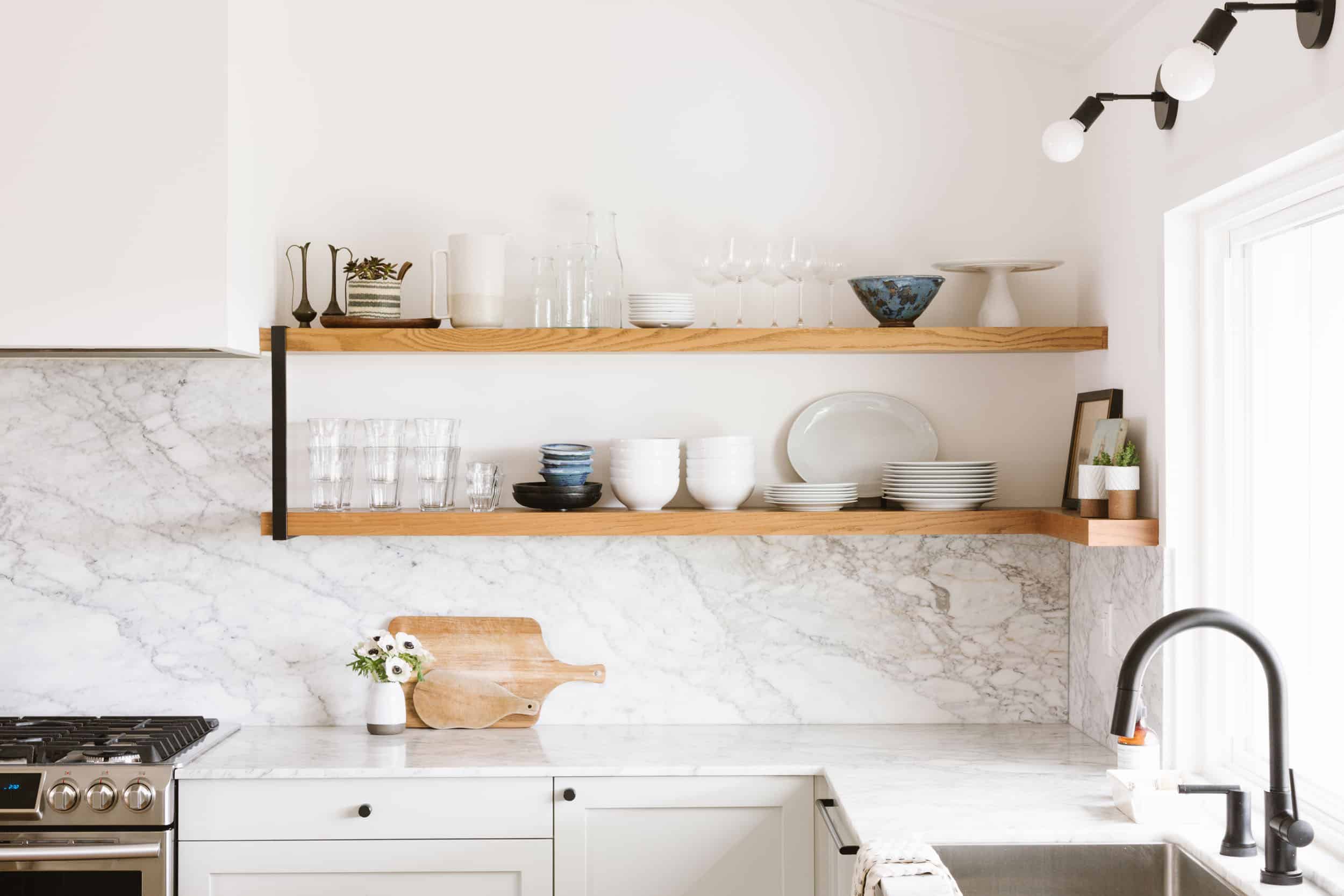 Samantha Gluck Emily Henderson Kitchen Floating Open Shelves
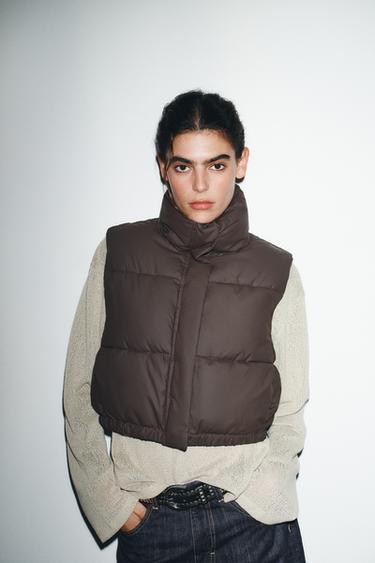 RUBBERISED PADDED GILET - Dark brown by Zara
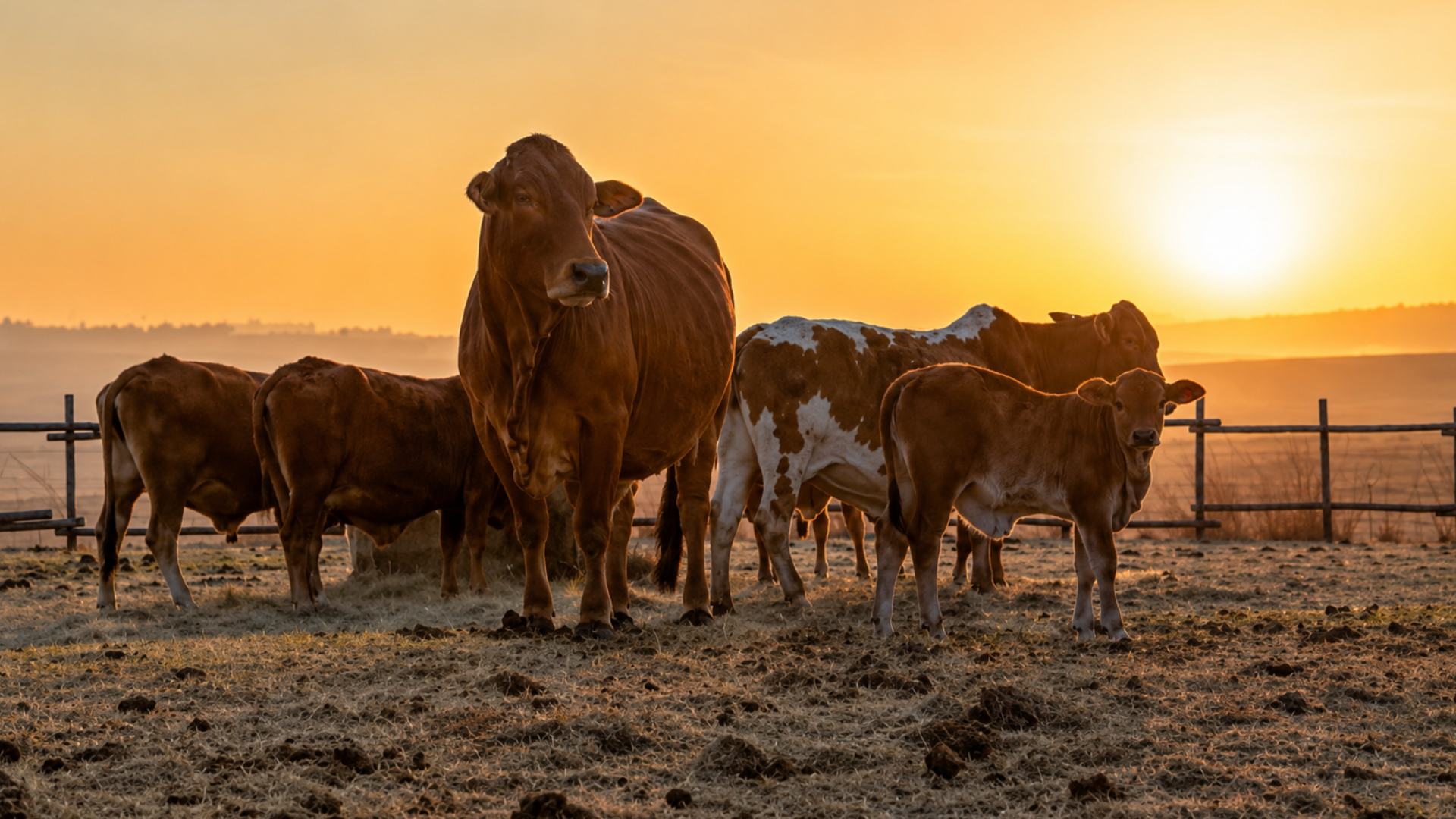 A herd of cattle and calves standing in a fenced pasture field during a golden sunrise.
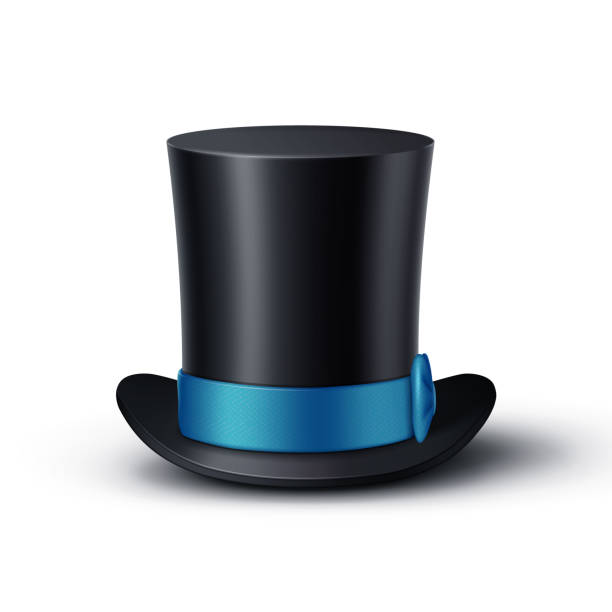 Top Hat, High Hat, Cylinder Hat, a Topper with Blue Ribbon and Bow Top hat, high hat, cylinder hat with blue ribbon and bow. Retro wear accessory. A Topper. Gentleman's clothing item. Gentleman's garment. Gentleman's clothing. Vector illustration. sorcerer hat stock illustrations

» **Problem requirements**
Copy every line of the data exactly as written, excluding the pictures.

» **Output for this task**
 Samantha Gluck Emily Henderson Kitchen Floating Open Shelves
 RUBBERISED PADDED GILET - Dark brown by Zara
 A herd of cattle and calves standing in a fenced pasture field during a golden sunrise.
 Top Hat, High Hat, Cylinder Hat, a Topper with Blue Ribbon and Bow Top hat, high hat, cylinder hat with blue ribbon and bow. Retro wear accessory. A Topper. Gentleman's clothing item. Gentleman's garment. Gentleman's clothing. Vector illustration. sorcerer hat stock illustrations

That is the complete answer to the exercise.